Patients with (n = 22) and without (n = 108) a malignant disease showed no significant difference in their mean ODI score at T0 (68 vs. 76, p = 0.08). Supplemental Table 2 details neoplasm entities (solid vs. hematologic) and the status of disease activity of the 22 patients with a malignant disease.

Follow-up data of 82 (63%) patients were available at T2, with 54 patients in Group 1 and 28 patients in Group 2. The mean ODI at T2 of Group 1 was 16, the mean ODI of Group 2 was 53. The differences to the mean ODI at T1 were not significant for both groups (p = 0.16 for Group 1 and p = 0.62 for Group 2).

Discussion

In this post-hoc analysis of data from 130 patients of a prospective SD registry, we aimed to identify risk factors that predispose patients to an unfavorable outcome in terms of ODI. We found that preoperative leg pain and the presence of a malignant disease were associated with an ODI ≥ 35, indicating an unfavorable outcome one year after treatment.

With a predominance of male sex, a mean age of 65 years and Staph. aureus as the most prevalent pathogen, our cohort is typical for SD12,13. Our cohort showed a significant improvement in terms of ODI after treatment, which is in line with other studies2,5. However, approximately one third of our study population had an unfavorable outcome in terms of ODI. This confirms findings by Stoop et al.6, who found that 44% of their patients had an ODI of > 20 five years after diagnosis, and underlines the great impact SD has on patients’ lives.

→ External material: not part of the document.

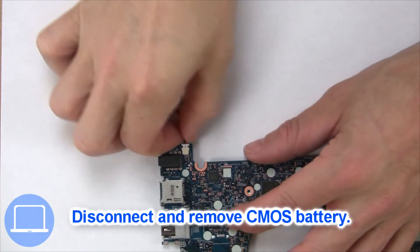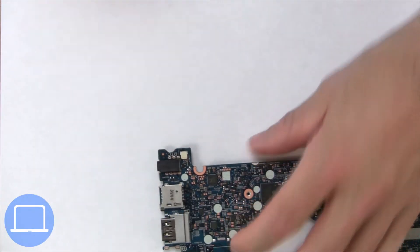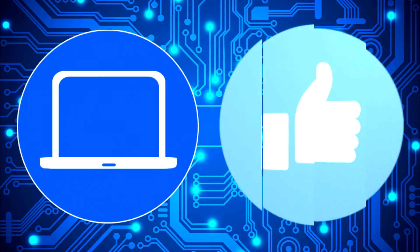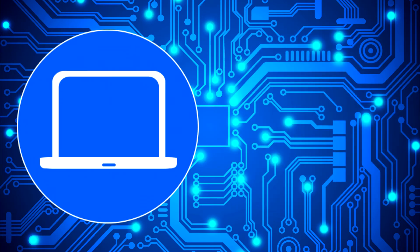Next, disconnect the CMOS battery. Thanks for watching — don't forget to like and subscribe if you enjoyed this video. If you need more, check out this playlist to watch other tutorials for your laptop. You can also click here to find parts for your laptop at partspeople.com.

A number of studies were able to identify risk factors that influence the outcome after treatment of SD. Aagaard et al.14 found that substance abuse was associated with an increased mortality one year after diagnosis. Ukon et al.15 identified chronic pulmonary disease, diabetes mellitus, gram-negative bacteria, pyogenic osteoarthritis, high preoperative white blood cell count, and low preoperative platelet count as risk factors for severe postoperative complications - such as intensive care unit treatment, need for revision or death - after surgical treatment of SD. The presence of Staph. aureus and a prolonged duration of symptoms before treatment were risk factors for treatment failure - defined as death, relapse, neurologic sequelae or need for revision surgery – in a study by Gupta et al.9. However, in patients with apparently successful SD treatment who do not suffer from these well-defined endpoints, assessment of outcome can be difficult3. Measuring QoL with standardized questionnaires may serve as an objective, comparable and efficient tool to comprehensively measure outcome. To the best of our knowledge, this is the first study that analyses risk factors for a low QoL after surgical treatment of SD. We chose the ODI to evaluate QoL because it is the only spine-specific questionnaire and superior in the ability to diagnose clinical improvement16. The ODI was developed by Fairbank et al. in 19807 and was originally intended to be disease-specific for chronic low back pain. It has since been used to measure QoL in a variety of spinal diseases, such as degenerative disc disease, disc herniation, spinal stenosis and SD6,17. The ODI offers good reliability, validity and responsiveness to change3. However, in order to be able to properly contextualize the ODI score, threshold values defining satisfactory and unsatisfactory outcome are mandatory. For example, in patients with chronic low back pain, a cut-off ODI value of 12 separates patients with disability18 from patients without disability, whereas a cut-off value of 30 indicates whether patients receiving inpatient care for low back pain are dischargeable or not. In patients with adult spinal deformity, a cut-off value of 18 distinguishes between acceptable and unacceptable QoL19. Yagdiran et al.10 reported a cut-off value of 35 as a threshold for favorable and unfavorable outcome after surgical treatment of SD. We used this cut-off value to determine risk factors for an unfavorable outcome.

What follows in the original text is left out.